Speak White | |
---|---|
Directed by | Pierre Falardeau Julien Poulin |
Written by | Michèle Lalonde (poem) |
Release date(s) | 1980 |
Running time | Short: 6 min. |
Country | Canada |
Language | French |
Speak White is a French language poem composed by Québécois writer Michèle Lalonde in 1968. It was first recited in 1970 and was published in 1974 by Editions de l'Hexagone, Montreal. It denounced the poor situation of French-speakers in Quebec and takes the tone of a collective complaint against English-speaking Quebecers.[1][2] Her poem is not, however, directed solely or even primarily at English Canada, often citing British and American references such as Shakespeare, Keats, the Thames, the Potomac and Wall Street as its symbols of linguistic oppression.
In 1980, Speak White was made into a short motion picture by polemicists Pierre Falardeau and Julien Poulin, the six-minute film featured actress Marie Eykel reading Lalonde's poem. It was released by the National Film Board of Canada.[3]
Italian-Quebecer journalist playwright Marco Micone also wrote a poem in response called Speak What?, depicting allophone immigrants as the same oppressed class as the Québécois in Quebec, and calling for a more inclusive society.[4][5]

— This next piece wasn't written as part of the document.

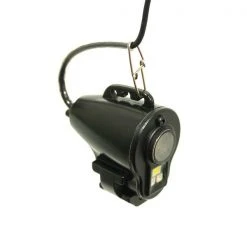 MarCum Recon 5 Plus Underwater Viewing System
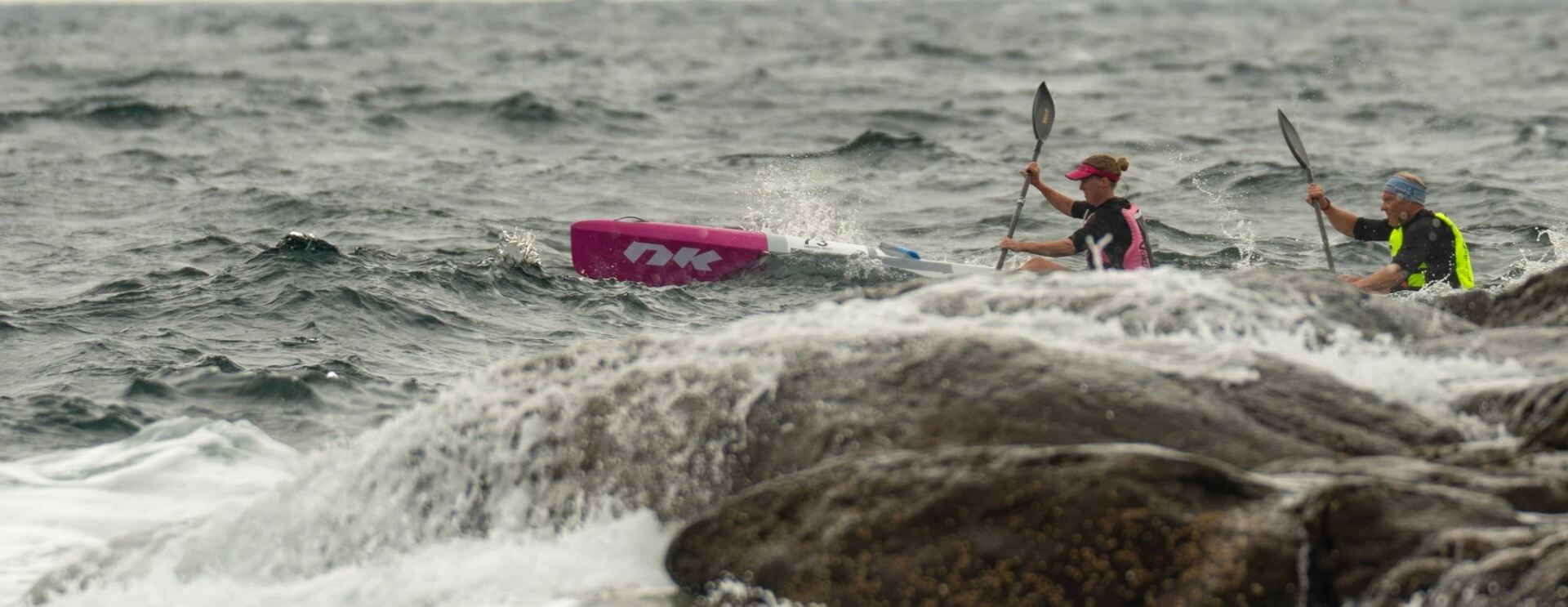 Foto: Carl Jakob Hansen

"Speak White" was an insult used by English-speaking Canadians against those who spoke other languages in public.[6][7] In his controversial Dictionnaire québécois-français,[8] Lionel Meney quotes a Maclean's article from 1963 that for "every twenty French Canadians you encounter in my house or yours, fifteen can affirm that they have been treated with the discreditable 'speak white'".
The earliest allegation of the slur was recorded in the Canadian Parliament of 1899 as Henri Bourassa was booed by English-speaking Members of Parliament while attempting to address the legislature in French against the engagement of the Dominion in the Second Boer War. André Laurendeau recorded anecdotal evidence in his 1963 journal during the Laurendeau-Dunton Commission that English Canadians would hurl the phrase at French Canadians outside Quebec, and speculated that it was borrowed from the Southern United States.[9] Anecdotal evidence also suggests that the phrase was used against immigrants.[7]
Although the expression has never been directly quoted and attributed to an individual, the expression continues to enter the public sphere in the course of rhetorical political debate.[10]